Say how many lines of the listing below include the word "Toyota", with no other output.
= = = =
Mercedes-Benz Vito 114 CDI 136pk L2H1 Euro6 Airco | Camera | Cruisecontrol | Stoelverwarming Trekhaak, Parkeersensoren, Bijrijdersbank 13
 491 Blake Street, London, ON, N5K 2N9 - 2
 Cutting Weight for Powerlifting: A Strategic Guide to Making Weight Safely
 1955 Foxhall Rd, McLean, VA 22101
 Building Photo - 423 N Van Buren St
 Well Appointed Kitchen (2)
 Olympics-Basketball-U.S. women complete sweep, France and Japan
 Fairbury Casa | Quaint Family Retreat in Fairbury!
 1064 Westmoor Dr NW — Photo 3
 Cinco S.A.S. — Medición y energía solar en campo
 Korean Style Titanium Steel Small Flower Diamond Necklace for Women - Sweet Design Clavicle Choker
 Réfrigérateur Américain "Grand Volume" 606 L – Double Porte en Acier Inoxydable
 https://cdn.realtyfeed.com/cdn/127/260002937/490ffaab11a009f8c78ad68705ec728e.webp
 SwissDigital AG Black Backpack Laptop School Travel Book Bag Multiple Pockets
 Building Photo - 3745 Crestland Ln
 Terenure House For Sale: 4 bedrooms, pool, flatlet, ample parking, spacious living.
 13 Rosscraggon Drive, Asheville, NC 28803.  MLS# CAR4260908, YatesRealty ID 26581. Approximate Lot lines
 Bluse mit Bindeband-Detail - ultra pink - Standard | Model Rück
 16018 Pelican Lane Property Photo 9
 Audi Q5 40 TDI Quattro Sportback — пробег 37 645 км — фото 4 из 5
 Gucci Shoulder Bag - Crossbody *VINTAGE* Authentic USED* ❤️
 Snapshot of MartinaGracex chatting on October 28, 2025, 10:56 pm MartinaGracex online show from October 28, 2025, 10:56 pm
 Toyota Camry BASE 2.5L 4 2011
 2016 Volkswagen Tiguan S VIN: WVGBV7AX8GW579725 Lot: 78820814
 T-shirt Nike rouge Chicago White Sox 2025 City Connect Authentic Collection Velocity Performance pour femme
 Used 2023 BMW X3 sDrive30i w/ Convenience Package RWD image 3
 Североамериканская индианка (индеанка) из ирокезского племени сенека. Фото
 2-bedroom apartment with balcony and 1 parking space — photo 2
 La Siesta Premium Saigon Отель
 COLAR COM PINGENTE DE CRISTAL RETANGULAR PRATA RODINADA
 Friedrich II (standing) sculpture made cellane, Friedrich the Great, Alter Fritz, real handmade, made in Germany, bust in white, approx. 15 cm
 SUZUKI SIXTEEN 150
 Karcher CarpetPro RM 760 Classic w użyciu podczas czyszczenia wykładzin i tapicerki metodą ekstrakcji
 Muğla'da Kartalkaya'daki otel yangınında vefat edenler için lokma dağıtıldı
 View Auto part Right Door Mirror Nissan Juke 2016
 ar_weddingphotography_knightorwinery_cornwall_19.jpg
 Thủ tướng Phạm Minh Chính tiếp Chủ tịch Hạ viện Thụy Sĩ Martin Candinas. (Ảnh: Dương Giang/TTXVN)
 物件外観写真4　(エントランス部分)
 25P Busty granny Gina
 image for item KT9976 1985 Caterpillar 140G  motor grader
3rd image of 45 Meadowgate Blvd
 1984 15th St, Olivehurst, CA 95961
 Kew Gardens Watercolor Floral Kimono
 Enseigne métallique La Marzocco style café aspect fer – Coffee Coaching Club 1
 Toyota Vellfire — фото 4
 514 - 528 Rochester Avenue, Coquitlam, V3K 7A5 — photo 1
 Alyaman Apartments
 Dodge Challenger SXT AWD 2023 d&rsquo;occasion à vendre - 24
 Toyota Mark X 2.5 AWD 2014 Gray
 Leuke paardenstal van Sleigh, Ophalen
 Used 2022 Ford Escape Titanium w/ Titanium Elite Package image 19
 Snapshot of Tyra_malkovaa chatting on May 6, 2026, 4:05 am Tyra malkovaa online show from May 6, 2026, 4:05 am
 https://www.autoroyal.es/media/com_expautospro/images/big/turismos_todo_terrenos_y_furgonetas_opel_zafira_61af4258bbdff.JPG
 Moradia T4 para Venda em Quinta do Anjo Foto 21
= = = =
Task result:
3